Because this island is so hard to get around, we jump on a boat tour the next morning. Again, no one speaks English so we don’t really know what’s happening. It’s definitely frustrating, but it also just proves how magical this island is. It’s real, it’s natural and the fact that we are the only English speaking people on the island so far proves that we are among the privileged who know about this island and get to experience it’s magnificence.


Straight out of the harbour we see dolphins. Not just a few, but close to a hundred. They jump up and play in the boat’s wake, flipping about in the water almost as if they were waiting for us to perform for. We spend about 2 hours cruising along the north side of the island. We see all of the famous beaches and stop at one point where the water meets a cliff and makes a deafening roaring sound. It seems as if there is a hole we can’t see that sucks up the water and spits it out as if it has a bad taste.


My first view of Praia do Sancho is breathtaking. This has been voted one of the world’s top ten beaches numerous times. Huge cliffs tower over the beach, easily 60 metres high, as straight as a cement wall. I see people on platforms on top, small as ants, looking down at the water and the people in it. The turquoise water is calmer here, turning to white only when it hits the light brown sand. As we cruise on, the cliffs give way to thick forests, so dense that you can only see the first layer. As we move on, we come to Dois Irmaos (Two Brothers) - two huge rocks resting in the ocean close to shore. These are the famous icons of the island and everyone snaps photos. Behind them we can see Baia dos Porcos (Bay of Pigs), with it’s clear turquoise water in natural pools. It’s so beautiful it doesn’t even seem real. I feel like I’m watching all of this on a life sized super HD screen. But the hot sun and sweat running down my back prove otherwise.

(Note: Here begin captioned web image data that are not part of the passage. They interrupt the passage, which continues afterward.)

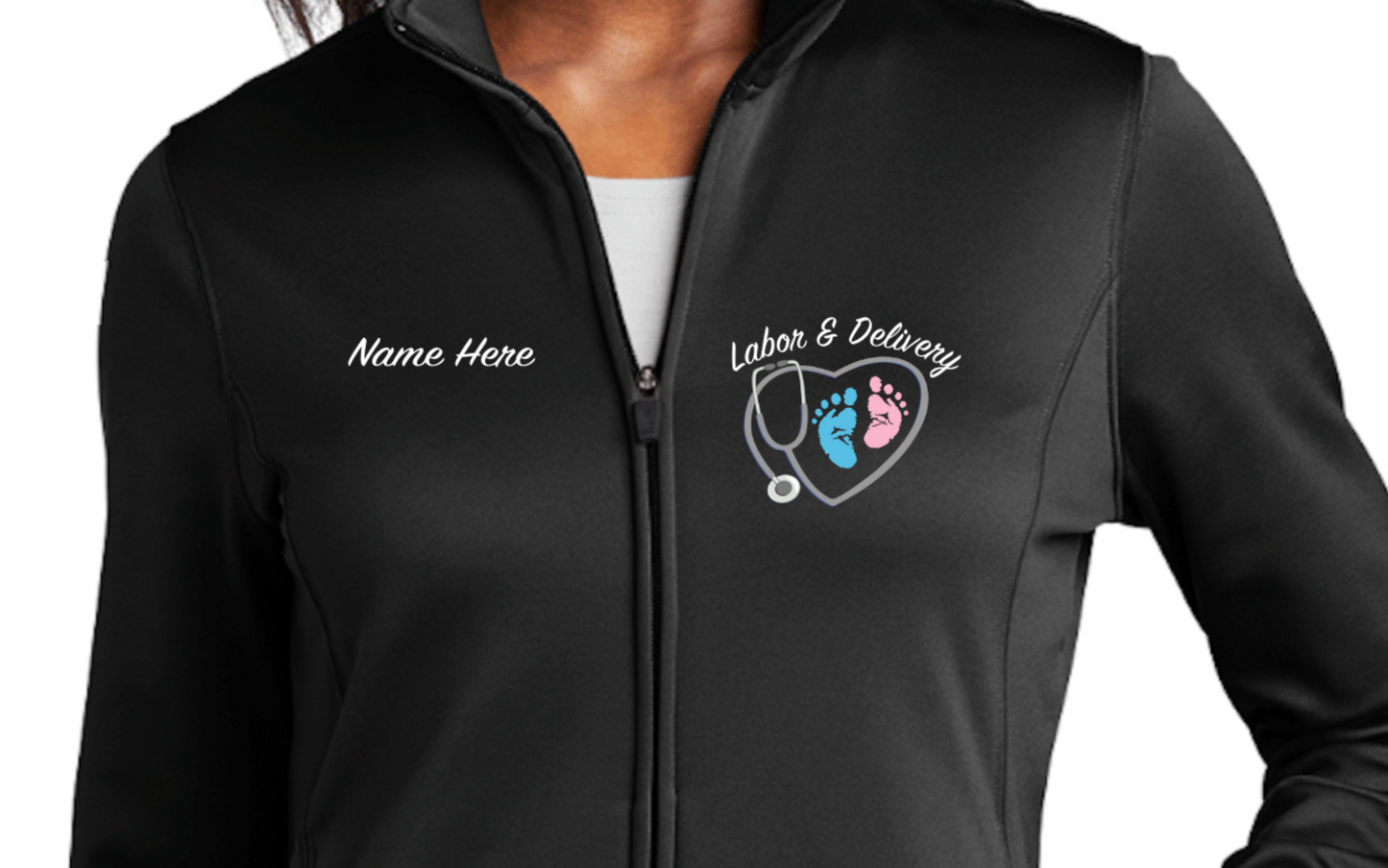 Womens L&D Jacket Left side logo, right side name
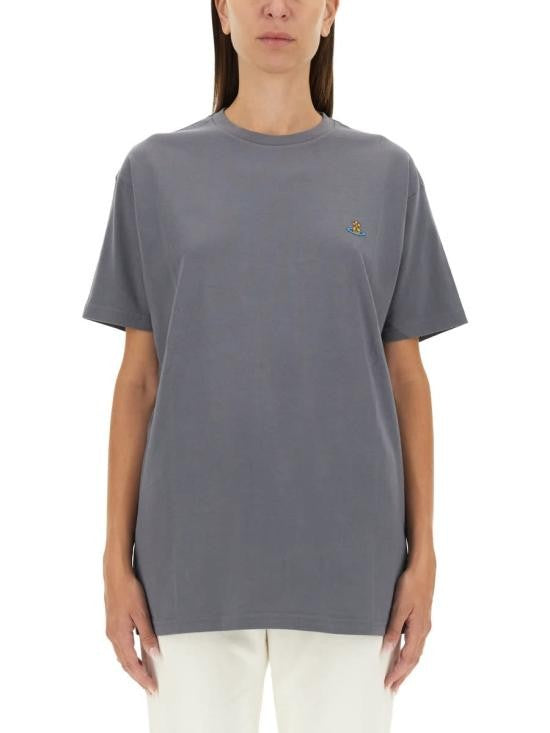 Vivienne Westwood Relaxed Fit Crew Neck T-Shirt With Embroidered Emblem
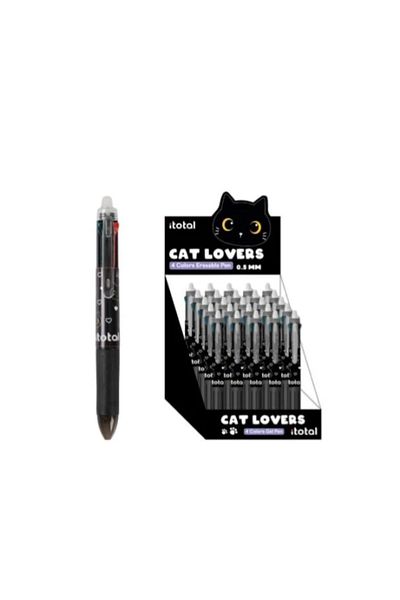 ITOTAL Multicolor erasable pen with retractable mechanism, 4 colors, with black kitty design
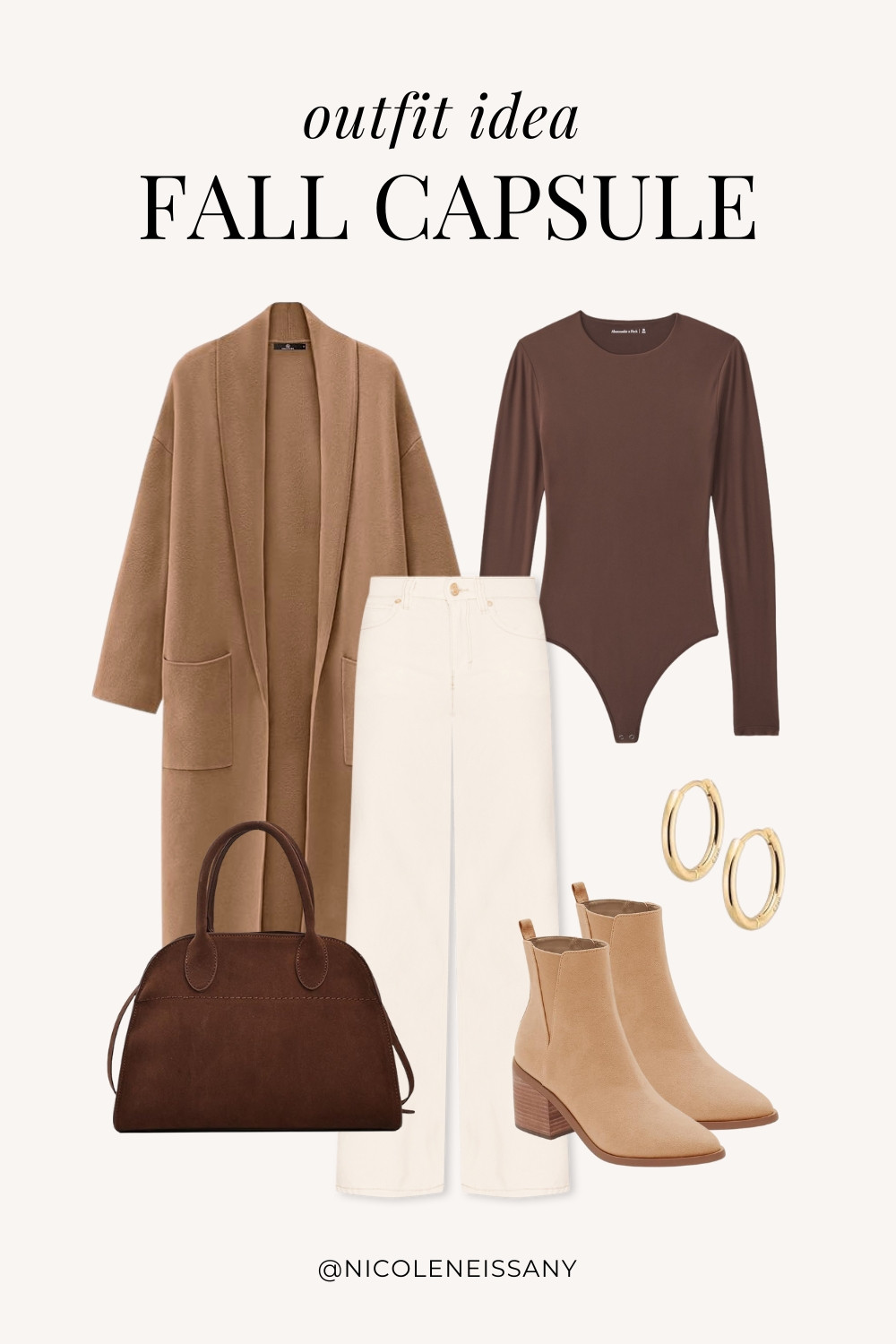 Fall Capsule Wardrobe Outfit Idea | fall capsule outfit, fall outfit, fall outfits, fall style, fall fashion, fall 2024 fashion, fall outfits 2024, fall trends 2024, fall outfit inspo, fall outfit inspiration, fall capsule wardrobe essentials, fall wardrobe essentials, fall closet essentials, fall essentials, fall basics, fall must haves, neutral capsule wardrobe, neutral outfit, neutral fashion, casual outfit, casual date night outfit, elevated casual outfit, brunch outfit, everyday outfit, Abercrombie, Abercrombie denim, Abercrombie jeans, Amazon Fashion, Revolve, Lulus, Nordstrom // fall coat, fall coatigan, long cardigan, bodysuit, white jeans, white denim, cream jeans, cream denim, brown ankle boots, gold hoop earrings, brown suede tote bag

#LTKSeasonal #LTKShoeCrush #LTKItBag #LTKStyleTip #LTKFindsUnder50 #LTKFindsUnder100 #LTKTravel #LTKSaleAlert 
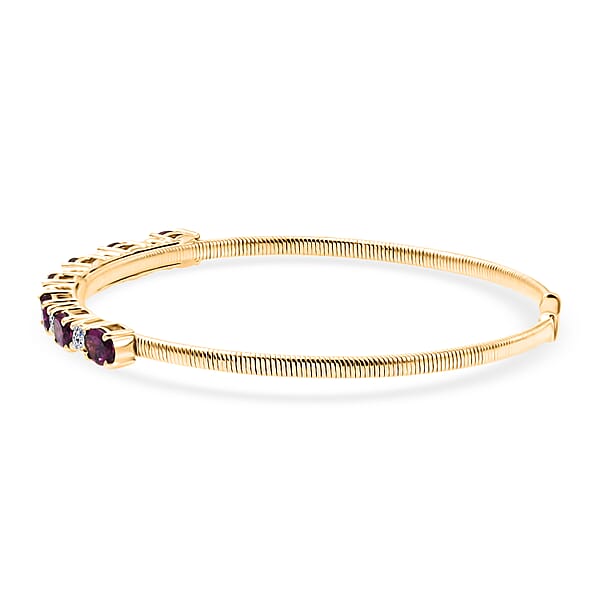 Shop Lc AAA Radiant Ember Garnet And Luxuriant Lab Grown Diamond E-F VS 4.40 Ctw Cuff Bracelet In 10K Yellow Gold (7.25 In)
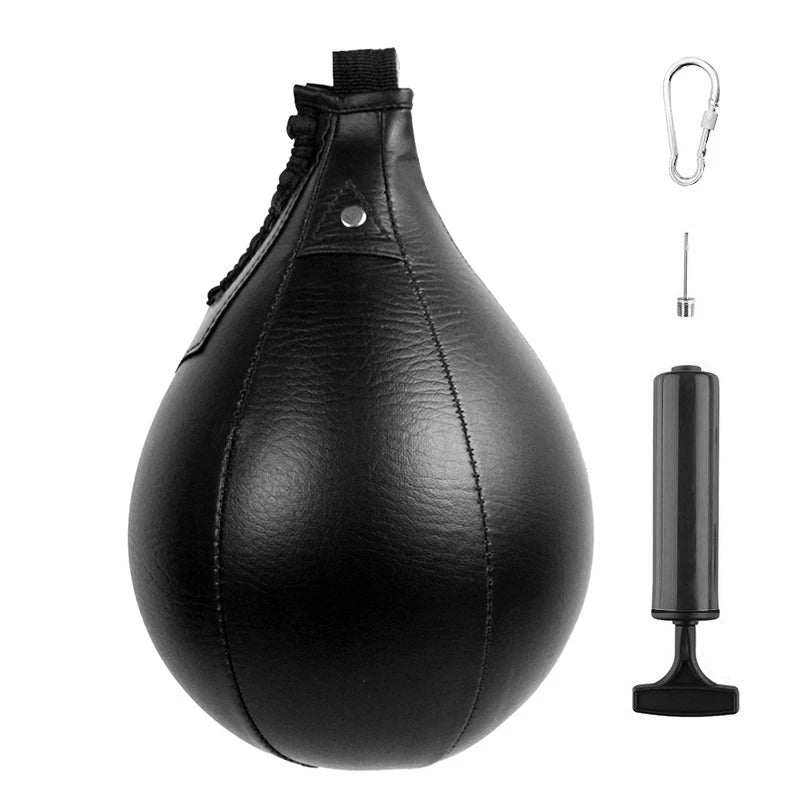 New Professional PU Boxing Speed Balls Punch Bag Pear Sports Punching Bag Fitness Workout MMA Training Equipment Tools Black Red
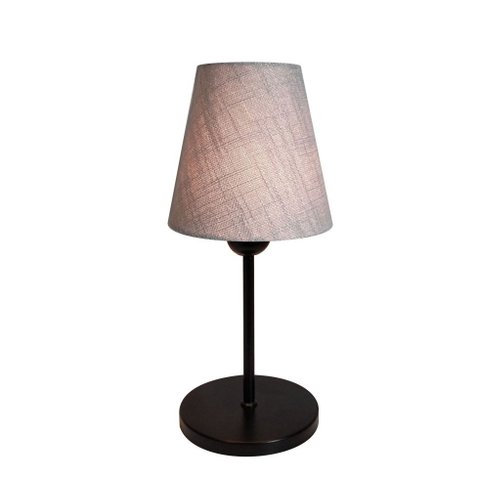 Abajur Cabeceira para Quarto Cone Vivare Md-2005 Cúpula em Tecido Cone - Bivolt - Preto / Rustico Ci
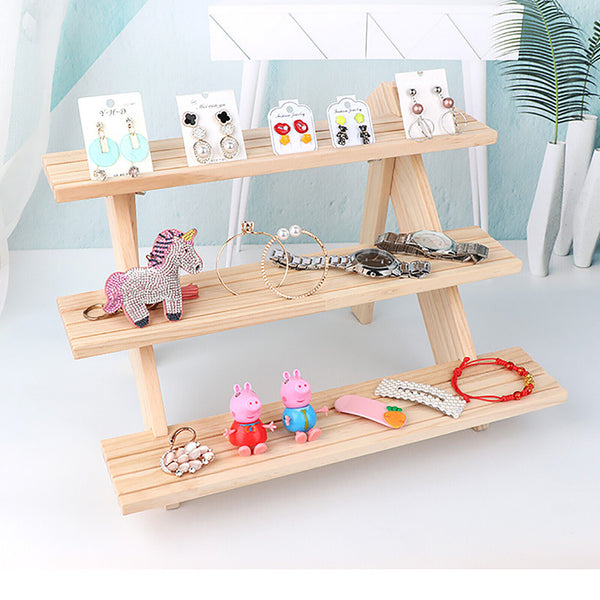 3 Layers Wooden Earring Display Stand Holder Jewellery Necklace Bracelet Rack AU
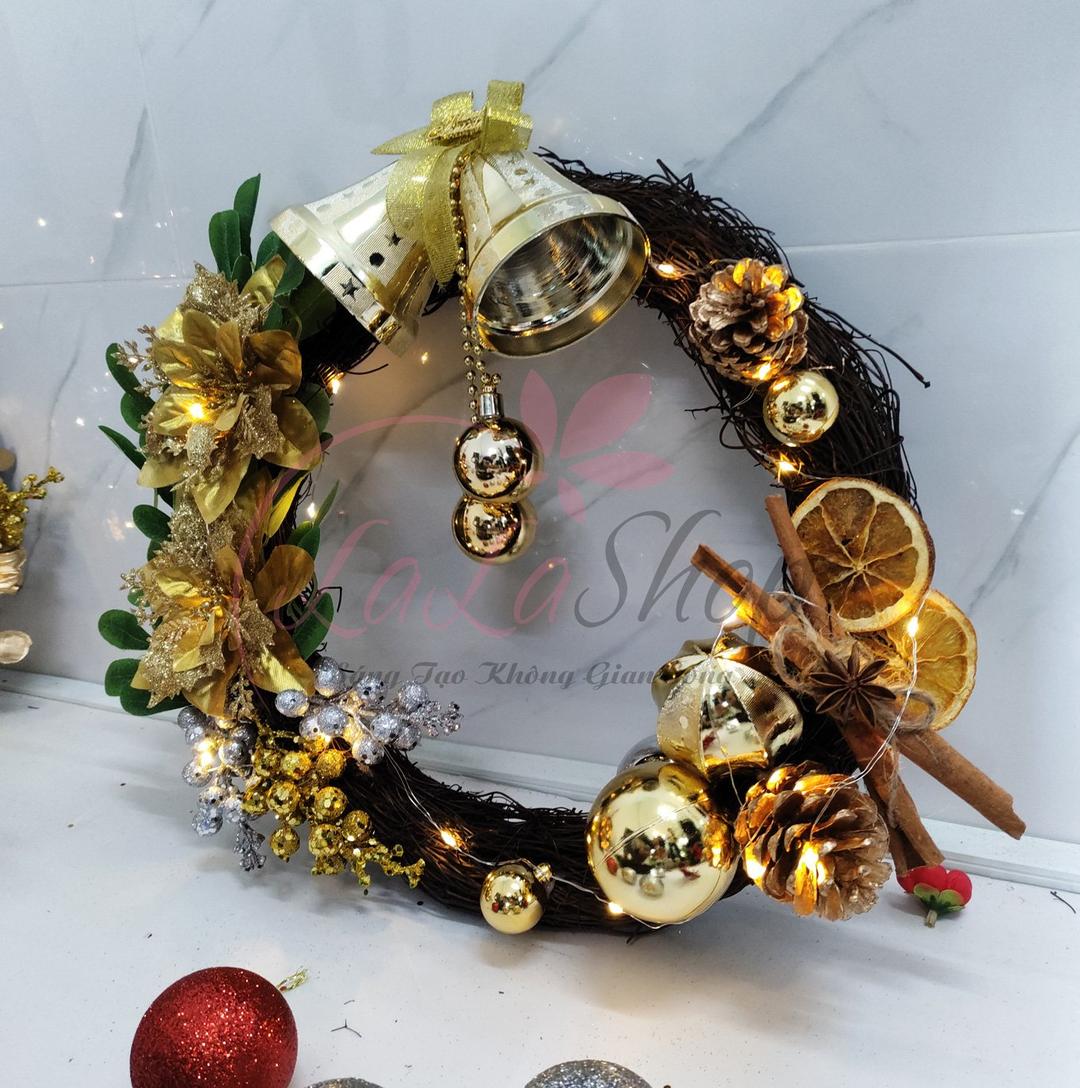 Vòng nguyệt quế 35cm trang trí noel hoa trạng nguyên treo cửa có kèm đèn led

We head up to the end of the island where a rock wall juts out from the mainland, like a signal to stop here. An opening in the wall allows us to see out to the open sea and beyond.


Our final stop is a snorkel at Praia do Sancho. The water is so warm that as my hot body slides into it, I barely notice a difference. Snorkelling rarely compares to diving, but I see a lot more than I expected. Another giant stingray hovers under our catamaran and I see plenty of colourful fish and even one puffer. When the horn toots that it is time to go, I have to pry myself out of the water.


When we arrive back at port, there are a group of people watching something in the water right at the shore. I look closer and am surprised to see about 20 small black tip reef sharks swimming in the shallow water. They come so close to my feet that my iPhone can’t even capture the entire fish. I’ve never seen sharks so close to land before.